2.10. Validity and Binding Effect of Agreements. This Agreement, the Representative’s Purchase Option, Rights Agreement (as defined in Section 2.22), the Trust Agreement, the Insider Letter (as defined in Section 2.23.1), the Subscription Agreement (as defined in Section 2.23.2 hereof), and the Registration Rights Agreement (as defined in Section 2.23.3 hereof), have been duly and validly authorized by the Company and constitute valid and binding agreements of the Company, enforceable against the Company in accordance with their respective terms, except: (i) as such enforceability may be limited by bankruptcy, insolvency, reorganization or similar laws affecting creditors’ rights generally; (ii) as enforceability of any indemnification or contribution provision may be limited under the federal and state securities laws; and (iii) that the remedy of specific performance and injunctive and other forms of equitable relief may be subject to the equitable defenses and to the discretion of the court before which any proceeding therefor may be brought.
2.11. No Conflicts, Etc. The execution, delivery, and performance by the Company of this Agreement, the Representative’s Purchase Option, the Rights Agreement, the Trust Agreement, the Subscription Agreement, the Insider Letters, and the Registration Rights Agreement, the consummation by the Company of the transactions herein and therein contemplated and the compliance by the Company with the terms hereof and thereof do not and will not, with or without the giving of notice or the lapse of time or both: (i) result in a material breach of, or conflict with any of the terms and provisions of, or constitute a material default under, or result in the creation, modification, termination or imposition of any material lien, charge or encumbrance upon any property or assets of the Company pursuant to the terms of any agreement or instrument to which the Company is a party; (ii) result in any material violation of the provisions of the amended and restated memorandum and articles of association of the Company; or (iii) materially violate any existing applicable law, rule, regulation, judgment, order or decree of any governmental agency or court, domestic or foreign, having jurisdiction over the Company or any of its properties or business.

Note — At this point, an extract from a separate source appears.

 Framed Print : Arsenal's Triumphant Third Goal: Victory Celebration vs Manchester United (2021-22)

2.12. No Defaults; Violations. No material default exists in the due performance and observance of any term, covenant or condition of any material license, contract, indenture, mortgage, deed of trust, note, loan or credit agreement, or any other agreement or instrument evidencing an obligation for borrowed money, or any other material agreement or instrument to which the Company is a party or by which the Company may be bound or to which any of the properties or assets of the Company is subject. The Company is not in violation of any material agreement, license, permit, applicable law, rule, regulation, judgment or decree of any governmental agency or court, domestic or foreign, having jurisdiction over the Company or any of its properties or businesses, except for such violations which would not reasonably be expected to have a material adverse effect on the Company. The Company is not in violation of any term or provision of its amended and restated memorandum and articles of association.

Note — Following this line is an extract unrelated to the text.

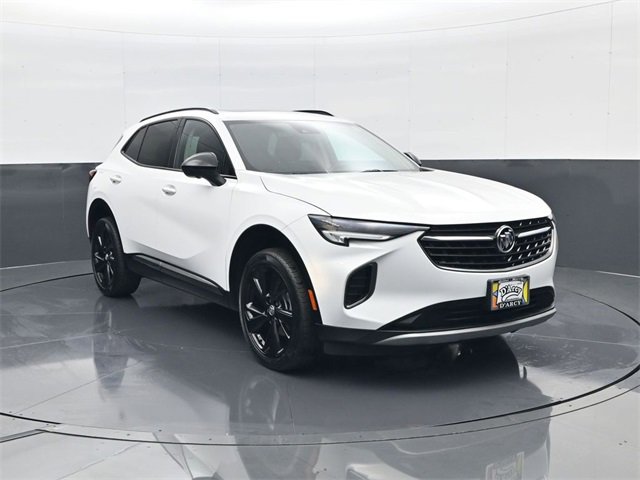 2022 Buick Envision Essence photo 3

2.13. Corporate Power; Licenses; Consents.
2.13.1. Conduct of Business. The Company has all requisite corporate power and authority, and has all necessary authorizations, approvals, orders, licenses, certificates and permits of and from all governmental regulatory officials and bodies that it needs as of the date hereof to conduct its business for the purposes described in the Registration Statement, the Preliminary Prospectus and the Prospectus. To the Company’s knowledge, the disclosures in the Registration Statement and the Prospectus concerning the effects of federal, state and local regulation on the Offering and the Company’s business purpose as currently contemplated are correct in all material respects and do not omit to state a material fact required to be stated therein or necessary in order to make the statements therein (with respect to the Prospectus, in light of the circumstances under which they were made), not misleading. Since its formation, the Company has conducted no business and has incurred no liabilities other than in connection with and in furtherance of the Offering.
2.13.2. Transactions Contemplated Herein. The Company has all corporate power and authority to enter into this Agreement and to carry out the provisions and conditions hereof, and all consents, authorizations, approvals and orders required in connection therewith have been obtained. No consent, authorization or order of, and no filing with, any court, government agency or other body is required for the valid issuance, sale and delivery of the Public Securities, the Placement Securities or Representative’s Securities and the consummation of the transactions and agreements contemplated by this Agreement, the Rights Agreement, the Trust Agreement, the Subscription Agreement, the Insider Letters, the Representative’s Purchase Option and the Registration Rights Agreement and as contemplated by the Prospectus, except with respect to applicable federal and state securities laws and the rules and regulations promulgated by the Financial Industry Regulatory Authority (“FINRA”).
2.14. D&O Questionnaires. To the Company’s knowledge, all information contained in the questionnaires (the “Questionnaires”) completed by each of the Company’s stockholders immediately prior to the Offering (the “Initial Stockholders”) and each of the Company’s officers and directors and provided to the Underwriters is true and correct and the Company has not become aware of any information which would cause the information disclosed in the questionnaires completed by the Initial Stockholders and each officer or director, to become inaccurate and incorrect.